Data Science can be self-taught to a large extent. Books, online courses, events and conferences can help acquiring most of the necessary skills (see our previous article How to Become a Data Scientist). And while a portfolio that showcases analyses and codes is currently often enough proof for the skill set, it can still be difficult to find a job without work experience. This is where data science bootcamps can help.
Data science bootcamps have emerged in many cities around the world. They often target people with analytical Master or PhD degrees. Several blog posts have extensive lists of data science bootcamps that are usually between 4 to 18 weeks long, full-time and on-site (Skilledup, Coursereport). The costs of such programs range from 0 to over 10’000$. Many of them teach technical skills, help extending the data science portfolio, and most importantly, connect students with local hiring companies. However, if students are not successful at landing a job, they can still have a handicap on the job market due to a lack of industry experience.
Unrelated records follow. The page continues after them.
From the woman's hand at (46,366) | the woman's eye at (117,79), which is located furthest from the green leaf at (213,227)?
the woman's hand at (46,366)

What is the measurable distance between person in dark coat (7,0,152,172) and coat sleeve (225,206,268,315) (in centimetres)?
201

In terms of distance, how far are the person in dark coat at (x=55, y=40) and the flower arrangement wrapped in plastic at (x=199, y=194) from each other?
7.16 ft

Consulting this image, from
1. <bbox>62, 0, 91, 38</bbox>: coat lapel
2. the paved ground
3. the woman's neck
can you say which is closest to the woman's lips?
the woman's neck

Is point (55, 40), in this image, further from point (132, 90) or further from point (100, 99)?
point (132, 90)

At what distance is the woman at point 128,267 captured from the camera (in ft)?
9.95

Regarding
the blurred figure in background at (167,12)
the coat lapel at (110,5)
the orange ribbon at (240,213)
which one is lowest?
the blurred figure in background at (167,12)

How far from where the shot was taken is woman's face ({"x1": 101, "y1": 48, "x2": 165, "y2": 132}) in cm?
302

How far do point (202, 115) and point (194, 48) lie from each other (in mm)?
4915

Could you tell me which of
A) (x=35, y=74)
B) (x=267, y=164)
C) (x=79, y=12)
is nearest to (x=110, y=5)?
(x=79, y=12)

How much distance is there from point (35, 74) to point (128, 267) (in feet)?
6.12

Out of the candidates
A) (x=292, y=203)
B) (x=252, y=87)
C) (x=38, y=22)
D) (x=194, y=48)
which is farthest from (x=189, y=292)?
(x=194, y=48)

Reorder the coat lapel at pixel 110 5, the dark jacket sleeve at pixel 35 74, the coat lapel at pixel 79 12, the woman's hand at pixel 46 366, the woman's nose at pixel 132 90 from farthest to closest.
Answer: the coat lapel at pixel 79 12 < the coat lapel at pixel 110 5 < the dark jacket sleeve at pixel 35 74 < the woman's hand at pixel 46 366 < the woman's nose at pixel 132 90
If the attendees worked directly with or in a company during bootcamps, they could easily overcome this problem. One program with such an approach is the Science to Data Science program in London (UK). Attendees select from a list of about 10 different industries, such as advertisement, energy, health or financial industry. They are then matched with two to three other attendees and paired with a company. The projects the companies suggest were carefully reviewed beforehand. The attendees work on the selected projects for five weeks.
Through regular meetings with the business partner, attendees learn what is expected in an industry setting, which is often very different from the kaggle-type projects aspiring data scientists often use to practice with. Supplemented with lectures in professional development and business skills and networking events, the program helps learning to understand business needs as well as communicating and explaining results to non-experts and managers.
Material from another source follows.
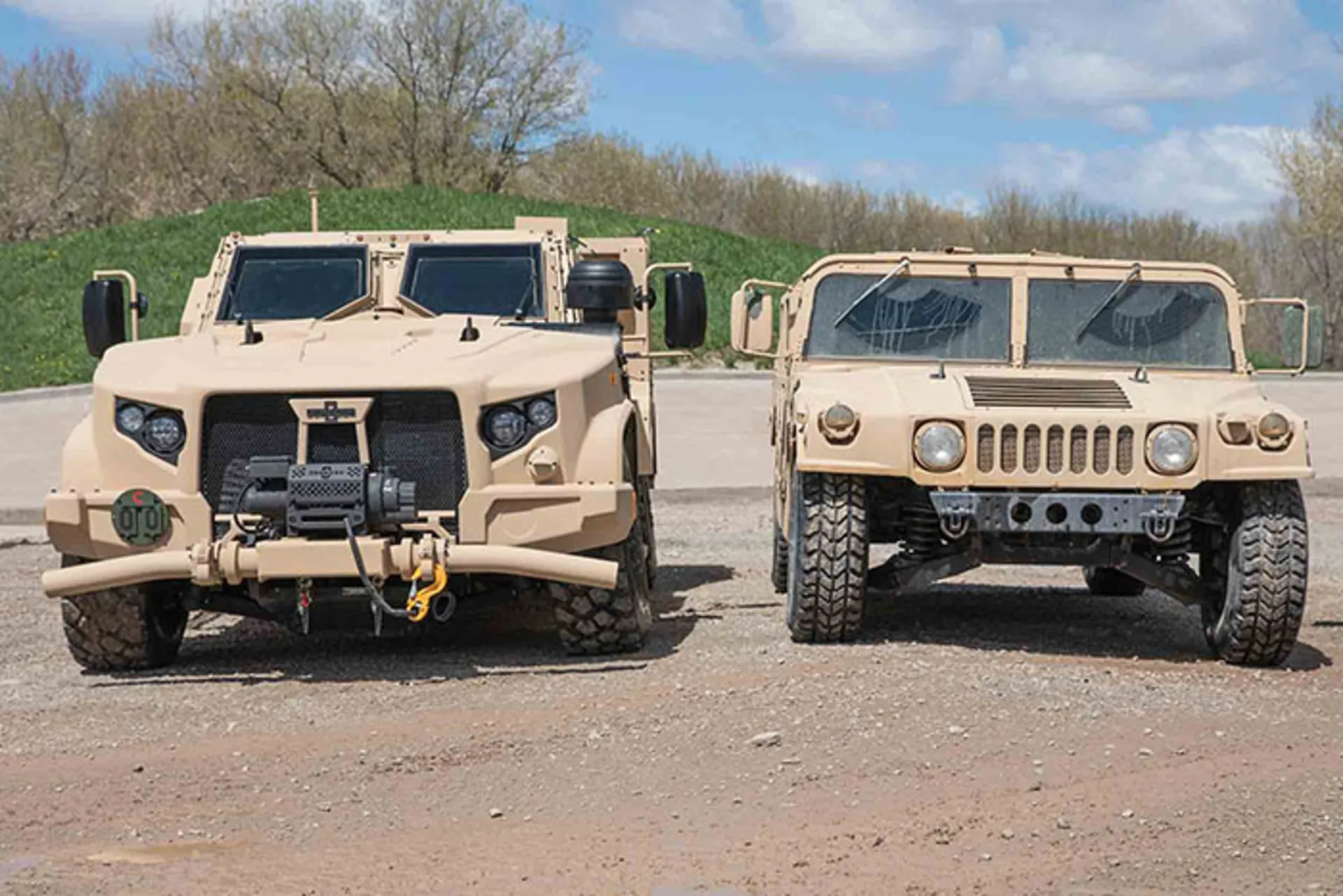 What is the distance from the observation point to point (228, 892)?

No matter which bootcamp one chooses, it is likely going to help finding a job in data science. Be it from learning additional skills and practical workflows, or by networking with other data scientists and business partners, there are many things attendees can profit from. It also helps companies who want to hire data scientists as the program organizers carefully select candidates into the program who have the skills that are necessary to be successful in their future role.